Helminth fauna is the totality of all helminths identified in humans. Helminthic diseases, unlike diseases caused by protozoa (protozoa), are not common everywhere.

Most worms carry out their activity in the digestive tract of people, others can attack parenchymal organs, blood, and the genitourinary system.

The spread of helminths depends on the labor activity of the population, the eating habits of various population groups, and the economic state of the country. The following helminthiases are the most common in our country.

Helminthic diseases are divided into geohelminthiasis and biohelminthiasis. For the development of eggs or larvae of geohelminths, they need to be in the external environment to mature and acquire pathogenic properties. These are roundworms, whipworms, necators and others.

Biohelminths go through their life cycle with a replacement host, and in order to acquire pathogenic properties, their eggs need to get inside an intermediate and sometimes an additional host. These are bovine, pork tapeworm, opisthorchis, fasciola and others.

The localization of parasitic worms or their larval forms in the human body is very diverse: in the small and large intestines (intestinal helminthiasis), biliary tract and liver, bloodstream, central nervous system and eyes, skin, muscles, etc. Intestinal parasites occur in humans more often thanfabric.

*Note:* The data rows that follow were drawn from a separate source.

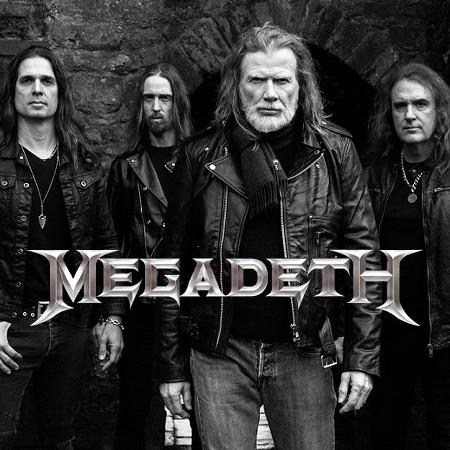 Megadeth - Studio Discography (1985 - 2016) (Lossless)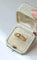 Bague 59 Bague ancienne jonc fleur diamant 58 Facettes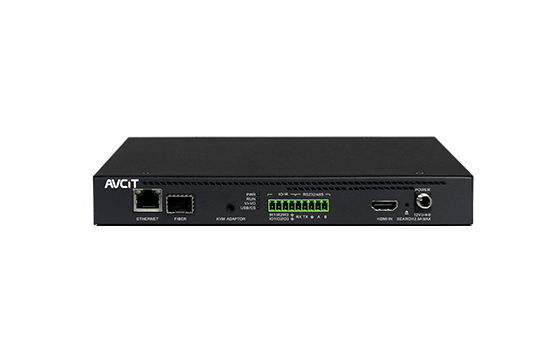 100%全国产化 分布式 4K60 单拼接 HDMI+DP 输出节点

In the pathogenesis of helminthiases, the appearance of allergic reactions and a severe degenerative process is of considerable importance. They appear due to the large number of antigens that worms have.

Other factors of pathogenesis include the direct influence of enzymes that form larval forms and adult individuals. In the later stages of worm development, the mechanical factor and the direct traumatic effect of the fixation organs play an important role.

Diagnoses are usually confirmed by interview, clinical picture of the disease, and detection of eggs, larvae, fragments or adult worms in feces, sputum, and duodenal juice.

Serological reactions, X-ray and ultrasound examinations also play an important role in the diagnosis of helminthiases.

In general, about three hundred species of pathogenic worms have been found in humans, twenty-eight species of which are most widespread: 12 species of trematodes, 8 species of cestodes, 8 species of nematodes.